New Jersey officially recognizes 1664 as the year the state was founded when land owned by the Duke of York was given to Sir George Carteret and John Lord Berkeley. That transaction record proclaimed that “said Tract of Land is hereafter to be called by the name or names of New Cesarea or New Jersey.” That makes this year New Jersey’s 350th Anniversary! To celebrate this major milestone, we’ve undertaken a project we’re calling 35 New Jersey Firsts where we highlight 35 things that first came to life in New Jersey.
Morristown National Historical Park was designated the first National Historical Park on March 2, 1933. The National Historical Park encompasses everything around the headquarters of General George Washington’s winter encampment of the Continental Army. The National Park Service maintains the landscape, structures, features, archeological resources and collections of the Continental Army, General George Washington and related Revolutionary War sites right in Morristown.
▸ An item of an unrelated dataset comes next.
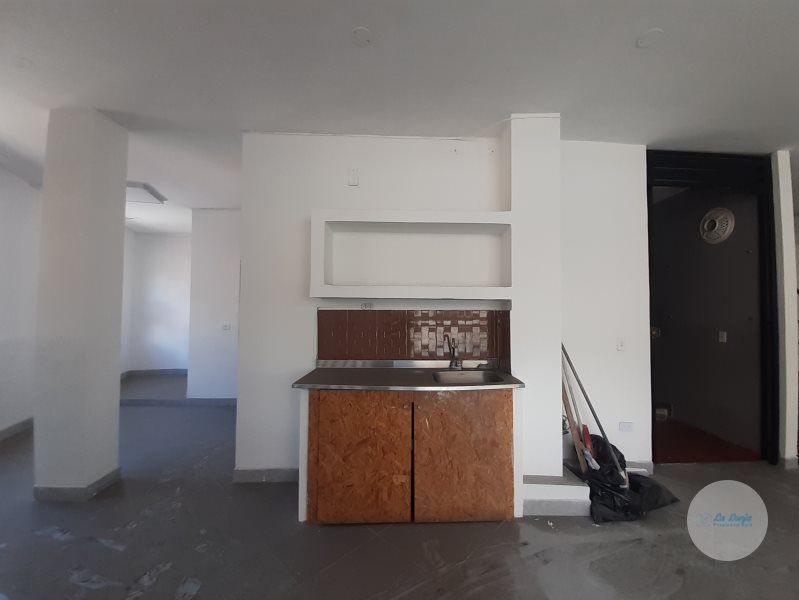 Local en arriendo Antioquia Bello San Gabriel 400 m2 Habitaciones 0 Baños 3 Garajes 0 Precio $6000000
Washington famously chose Morristown as his headquarters because of its location along communication routes, easily defended terrain and access to resources for the troops. The Continental Army stayed there over two winters—first in 1777 and then in 1779-1780 (the famously severe winter that really tested the Army).
The national park consists of four separate areas: Washington’s Headquarters Unit, the Fort Nonsense Unit, the Jockey Hollow Unit, and the New Jersey Brigade Area. There are two original structures, the Ford Mansion in Morristown and the Wick House in Jockey Hollow.